• **Input data**
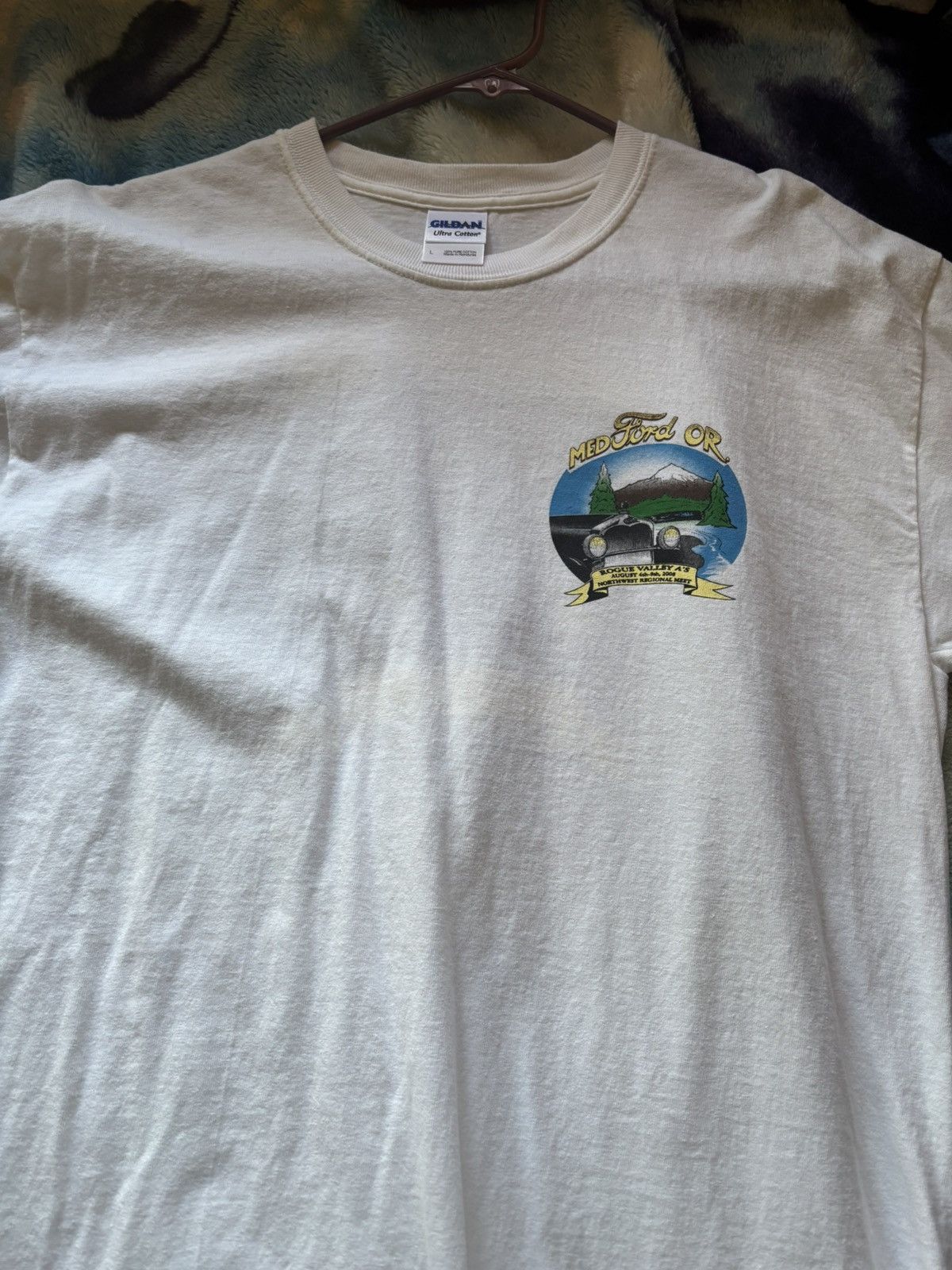 Ford × Vintage Vintage 2008 ford event tee Size US L / EU 52-54 / 3 - 1 Thumbnail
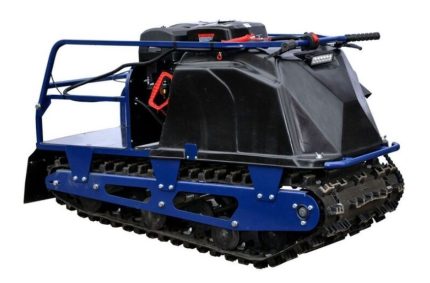 Мотобуксировщик БАРС Следопыт F20DSE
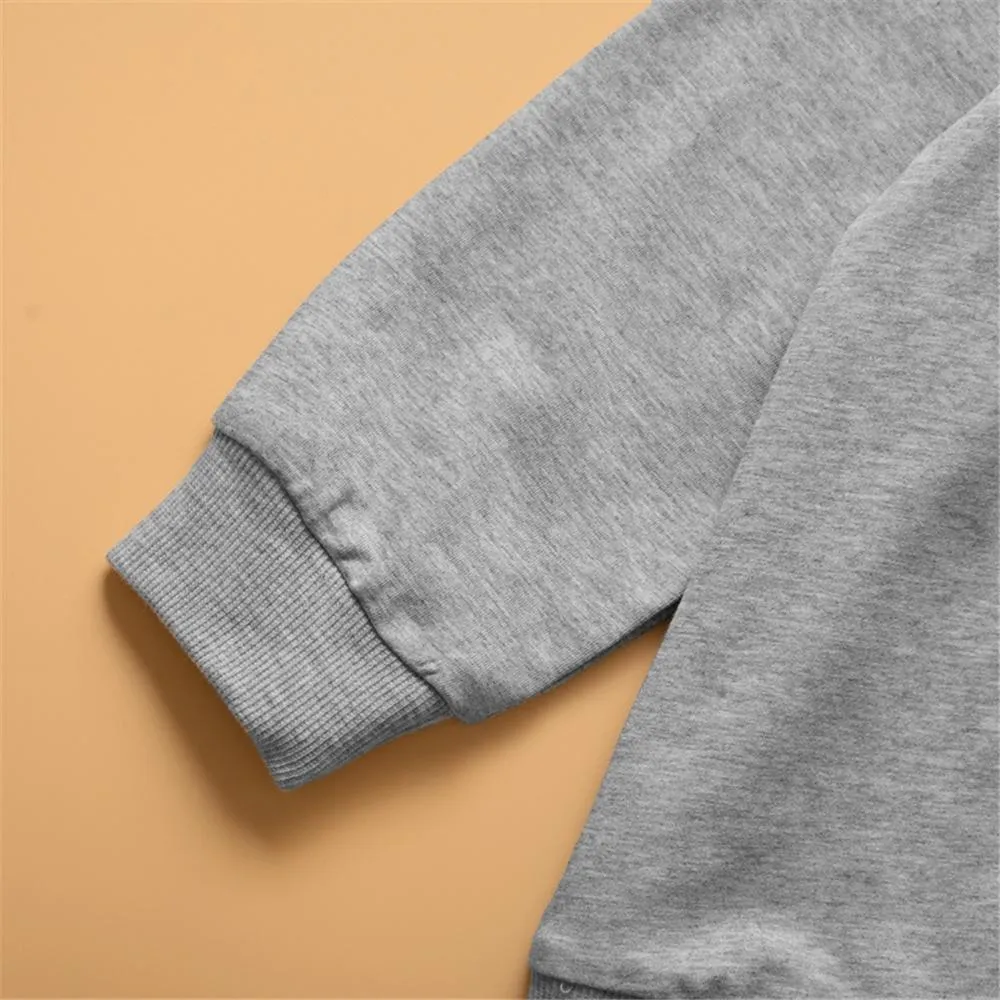 Unisex Bow Long Sleeve Top & Pants Wholesale Childrens Clothing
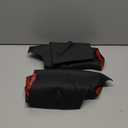 Rear Bumper Cover Fits for 2014-2024 Toyota 4Runner Bumper Protector Compatible with 4Runner Exterior Accessories Rear Bumper Corner Guard (Exclude TRD Sport Limited)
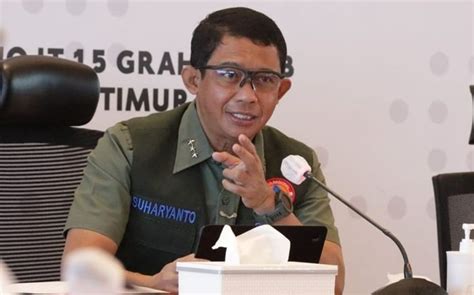 Sosok Letjen Suharyanto Kandidat Kuat Pengganti Ksad Jenderal Dudung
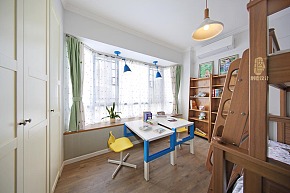 100平北欧三居室儿童房设计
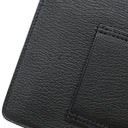 エルメス HERMES ロウリス ルリ スリム ブラック シェーブル 二つ折り財布 ゴールド金具 コンパクトウォレット ベルトバッグ
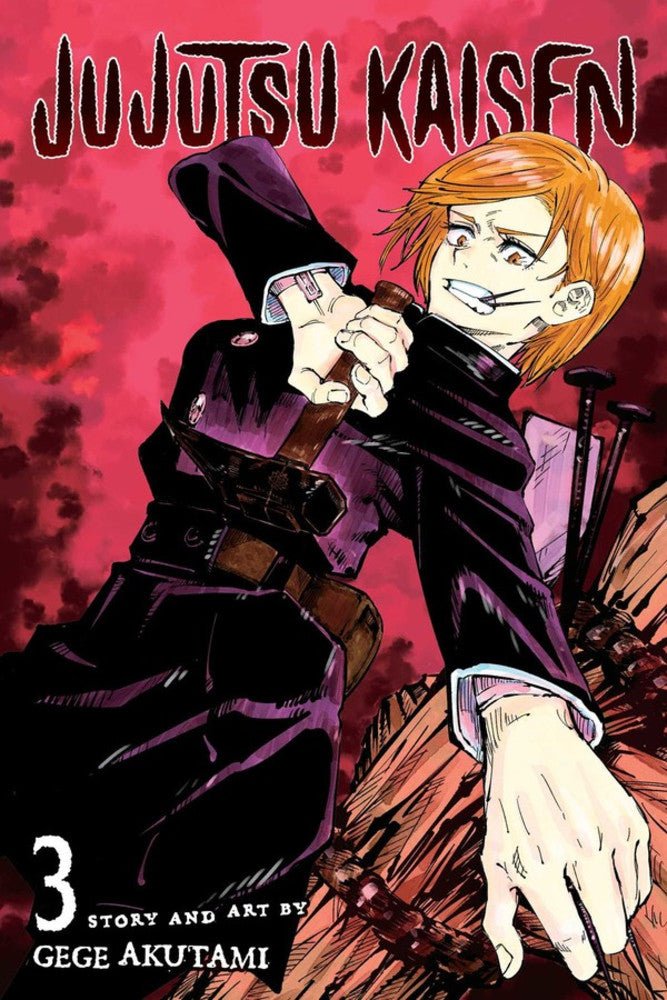 Jujutsu Kaisen Vol 3 - Super Anime Store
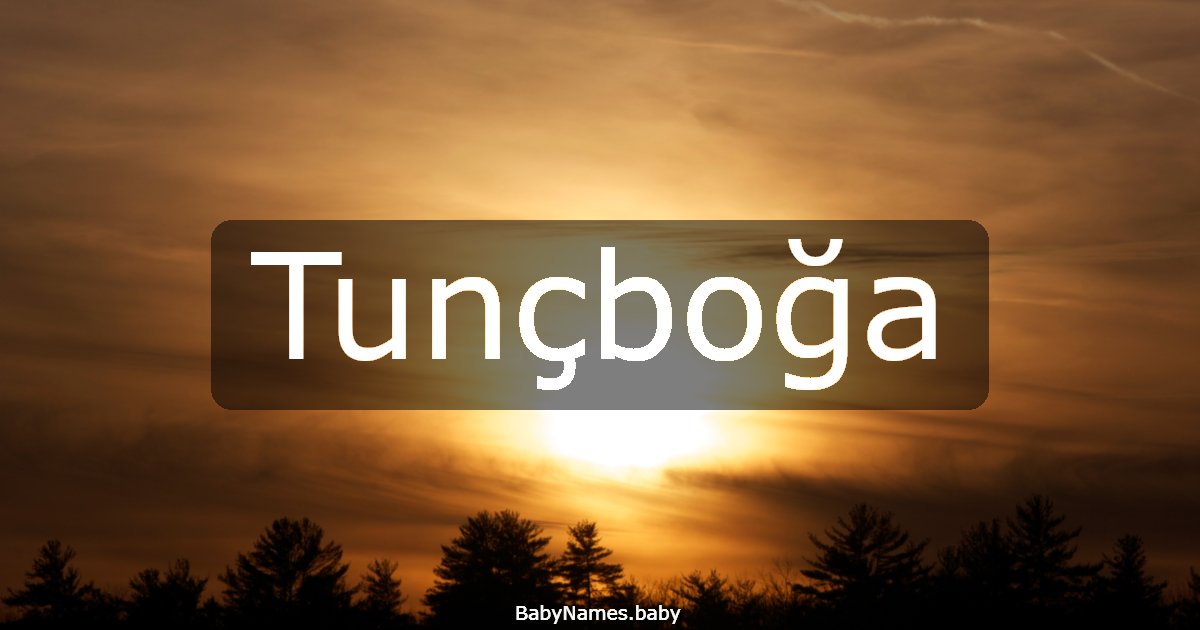 Tunçboğa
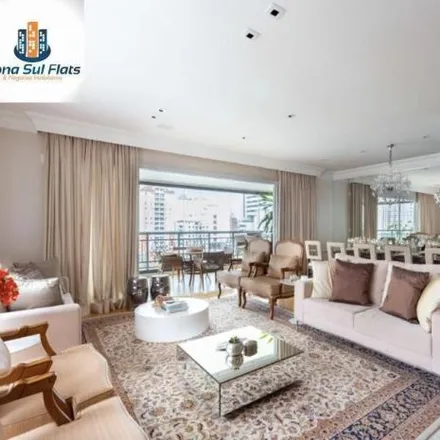 Buy this 4 bed apartment on Avenida Brigadeiro Faria Lima 4563 in Vila Olímpia, São Paulo - SP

• **Task directions**
Taking the material above, give again exactly the lines from the one holding "Unisex Bow Long" through the one holding "Rear Bumper Cover", with both ends and without pictures.

• **Solution to the problem**
 Unisex Bow Long Sleeve Top & Pants Wholesale Childrens Clothing
 Rear Bumper Cover Fits for 2014-2024 Toyota 4Runner Bumper Protector Compatible with 4Runner Exterior Accessories Rear Bumper Corner Guard (Exclude TRD Sport Limited)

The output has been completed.